Maybe my favorite item on the list, this cooler is great for easily carrying cold drinks. You can use it for fishing, picnicking, concert going, or hiking into your favorite swimming hole. It will hold about a 6-pack, and features a variety of pockets for stashing other gear. Also works great on road-trips.

Disclaimer: I work at REI, but I created this blog post separately and independently of REI. These reflect the top 10 items that, based off my own opinion and experience, would make great gifts.

Monday, December 1, 2014

Top 10 Desert Hiking Tips.

Whether The Grand Canyon, The Superstitions, or a park in town, hiking in 100 degree heat with the sun beating down on you is hard, and everything you do in that heat is harder than normal. You have to be prepared for those extreme conditions, because extreme conditions can produce extreme consequences. Here are my top 10 tips to ensure your desert hiking will be as safe and fun as possible. 

1) Acclimatize - The more you hike in the desert, the better you handle the heat. My first couple desert hikes left me feeling sick and demoralized. If you plan on backpacking in the desert or doing any serious day-hiking (like hiking to the Colorado River and back in one day in The Grand Canyon) I would recommend plenty of desert day-hiking beforehand. Start small. 

2) Temper Your Ambitions - Like I mentioned above, everything is harder in the heat. Expect routine distances and climbs to push your limits. What you can easily accomplish physically in milder climates will be a challenge in the desert. You'll need to be in better shape than what your used to.

3) Carry a Backpack - One of the strangest sights I see in the desert are people without backpacks... And I see it all the time. If you're not carrying a backpack then you are not carrying the essential supplies needed to safely traverse the desert, The problem is that nobody thinks anything bad will happen to them, but bad happens all the time. Every time you go out without gear is a gamble. Around the United States, unprepared hikers are constantly being rescued from avoidable survival scenarios that are usually preventable by bringing some common-sense items.
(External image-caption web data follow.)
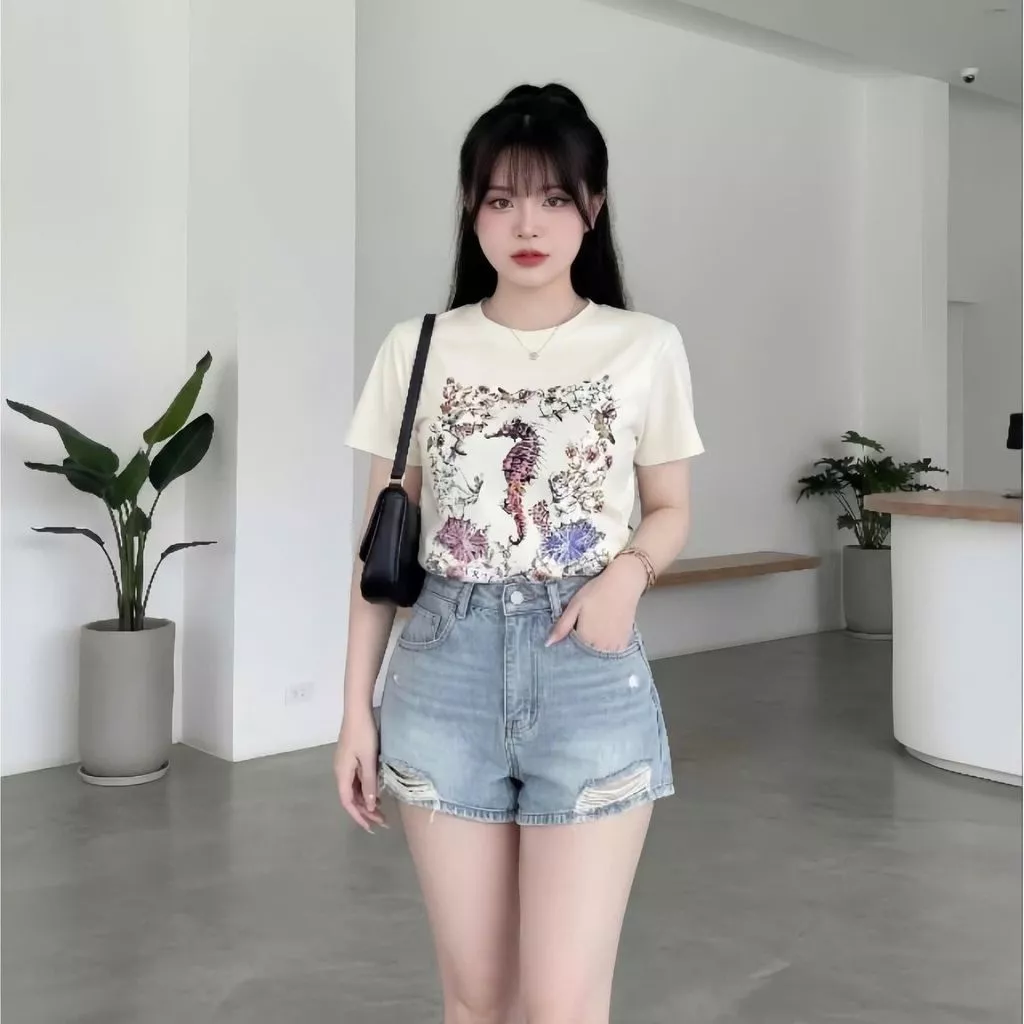 Áo Thun In Hình Con Cá Ngựa Siêu Hot Chuẩn Đẹp Cao Cấp Co Dãn Thoáng Mát Top Hottrend Cổ Tròn Nam Nữ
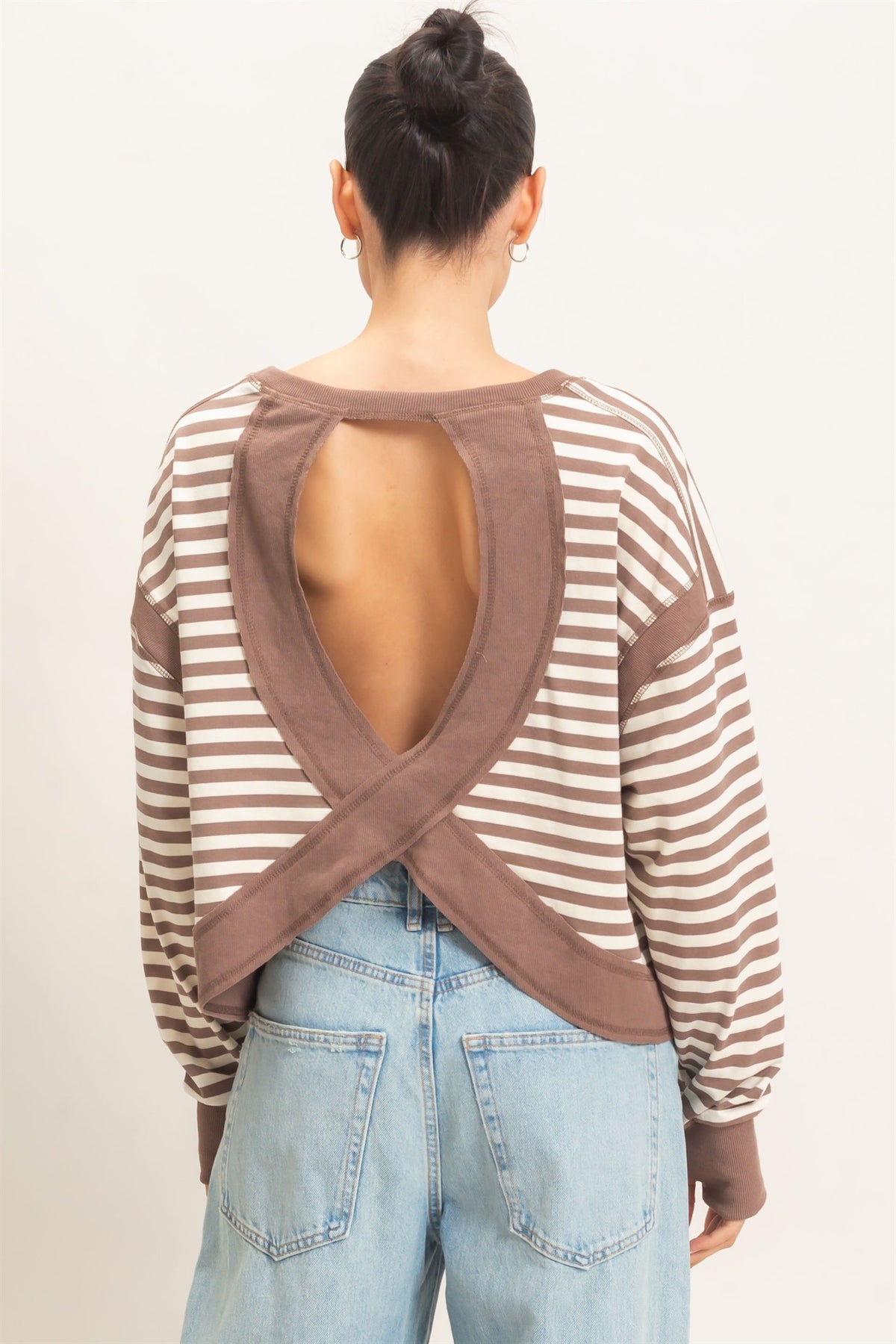 Relaxed Stripe Cropped Knit Top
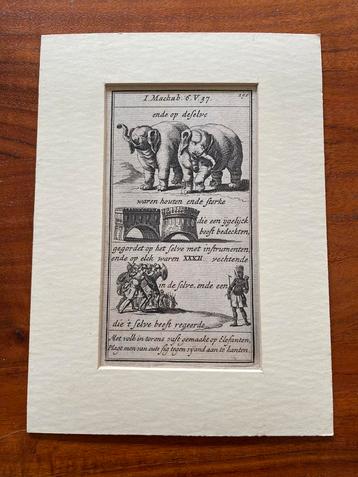 Gravure uit de Kleine Print Bybel. 1730. Militaire olifanten beschikbaar voor biedingen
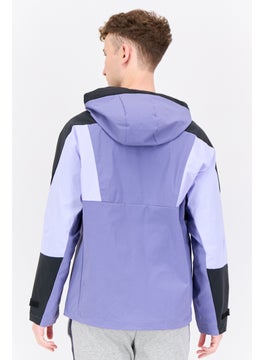 Adidas Men Sportswear Fit Long Sleeve Outdoor Hooded Jacket, Lilac/Black  - Image 3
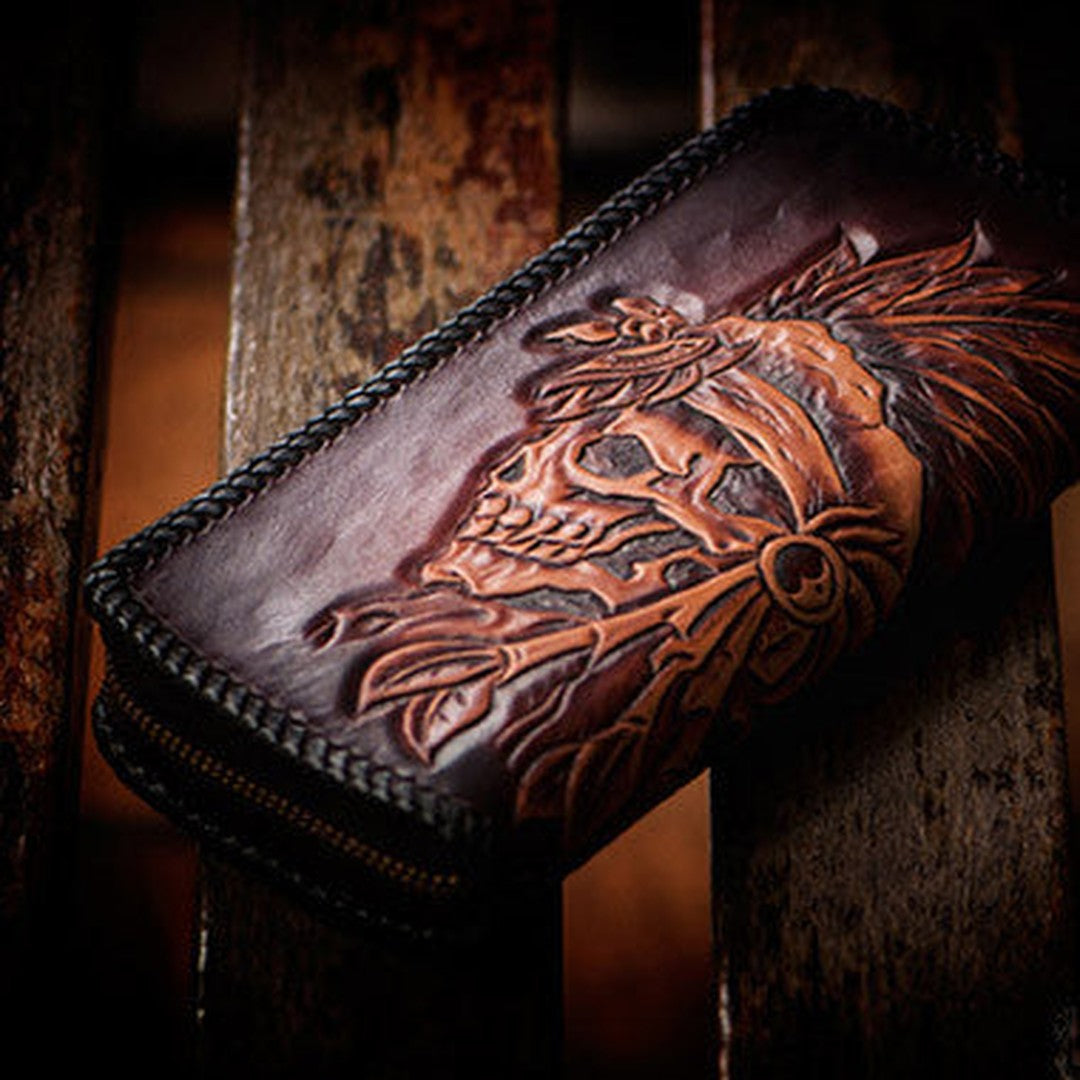 Handmade leather coffee black indian skull carved biker wallet bifold long wallet for men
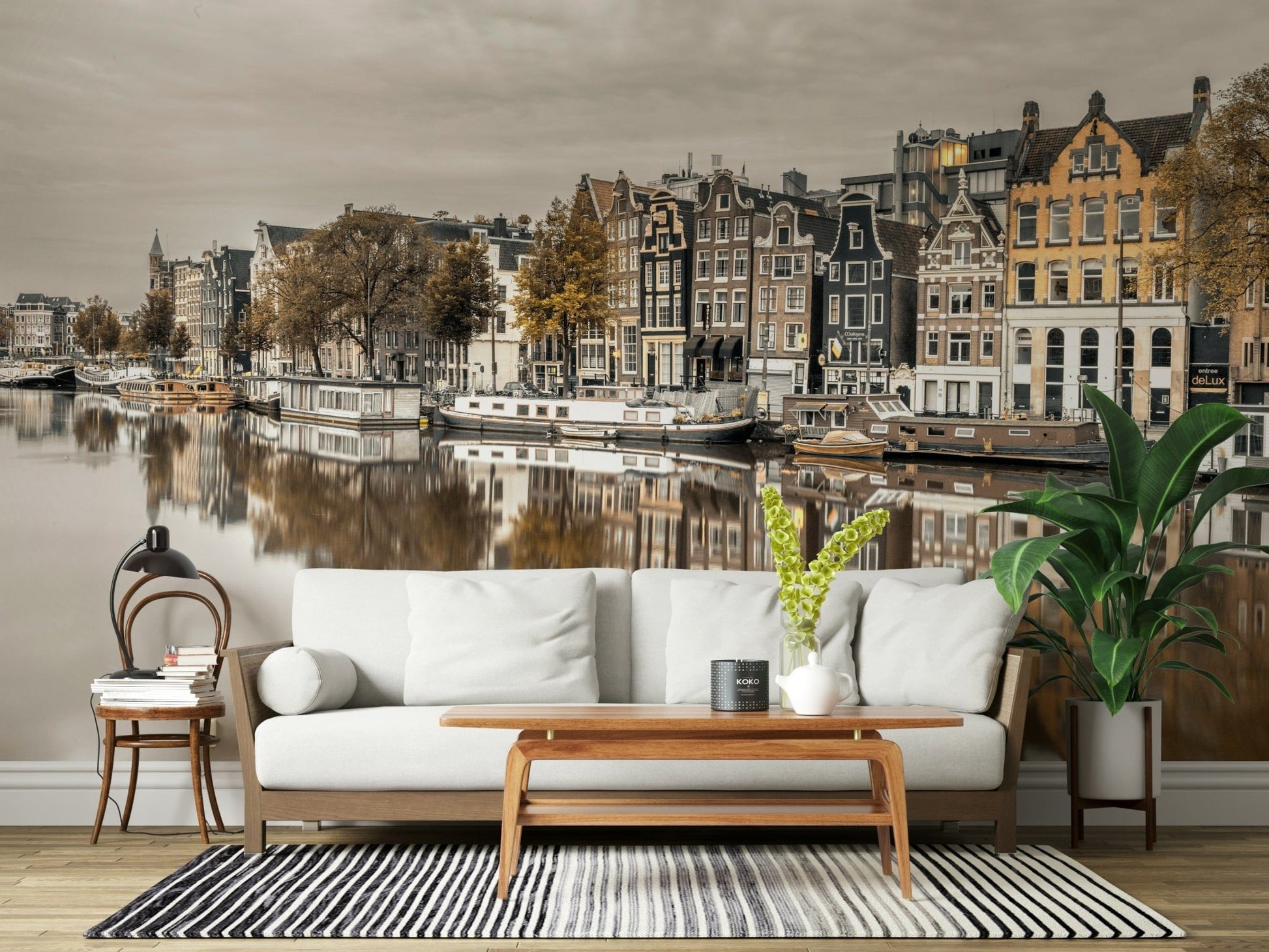 Detailed brick facade wall mural with a mirror image on still water., GD2450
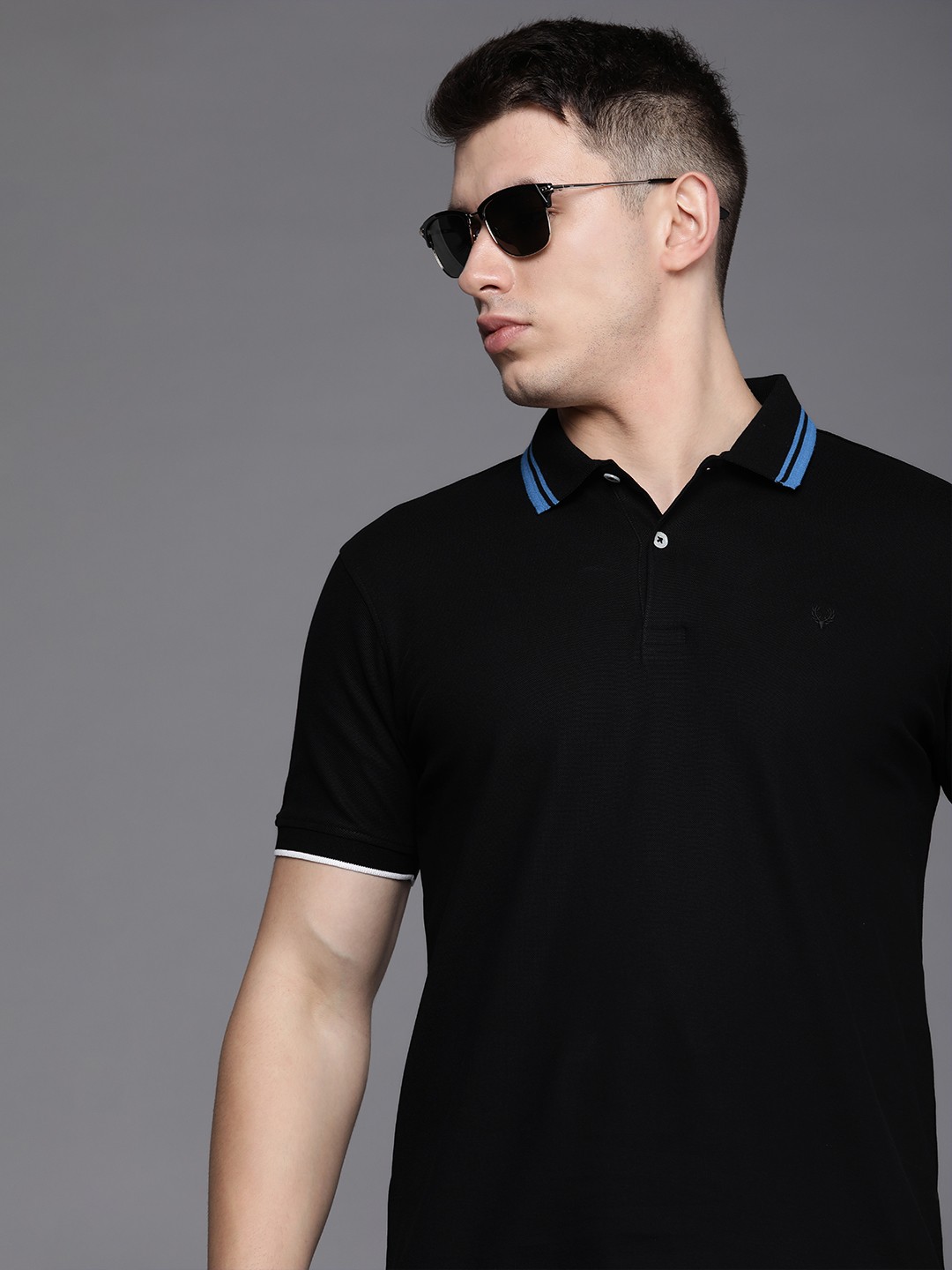 

Allen Solly Men Black Solid Polo Collar Pure Cotton T-shirt
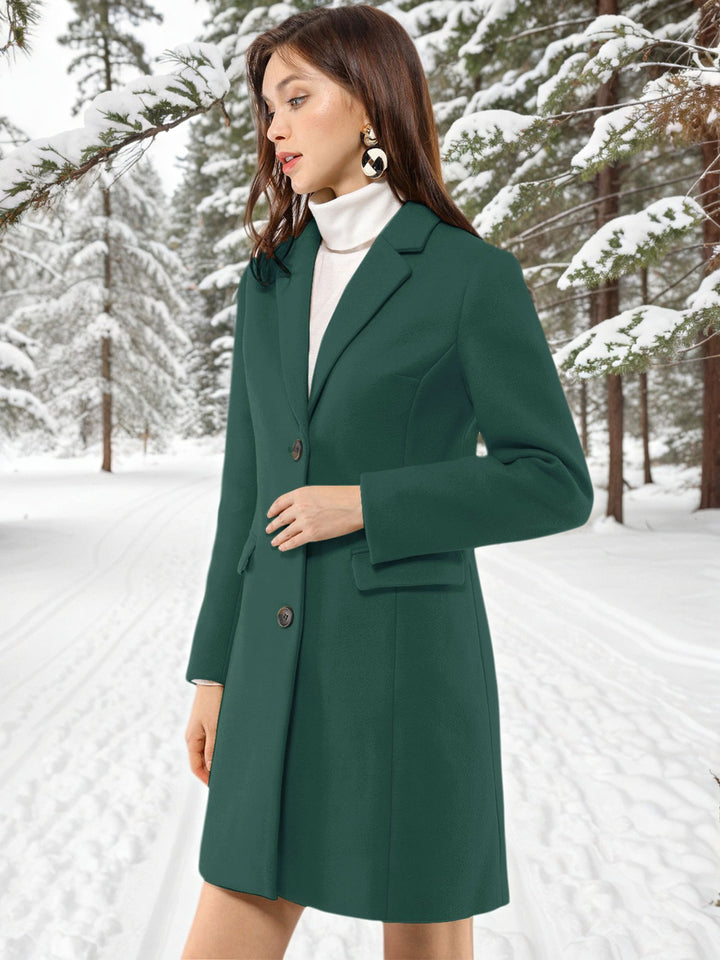 Women's Button Single Breasted Pea Coat | Winter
You need a backpack to carry those items! You need a backpack to carry water, which is muy importante in the desert. Check out The Mountaineers list of 10 Essentials for what else to carry in your backpack.

4) Bring More Water - Unless you've hiked in the desert in summer, it may be hard to imagine just how much you can sweat, and how thirsty you constantly feel. I've found that bringing double the water I normally bring is just enough. Last Saturday I finished 4 liters on a 7 mile hike. Trust me, you'll need to drink much more water than normal. In The Grand Canyon we started off 3 out of 5 days with 2 gallons of water each, and we drank it all by the end of those 10 mile days. Also keep in mind that water is really going to dictate where and how far you hike. If you bring 4 liters and notice that you've finished 2 already, then its time to turn around and head back to the car. The bottom line is that venturing out into the desert with an inadequate water supply can easily lead to an evac by search & rescue and even death. Be prepared.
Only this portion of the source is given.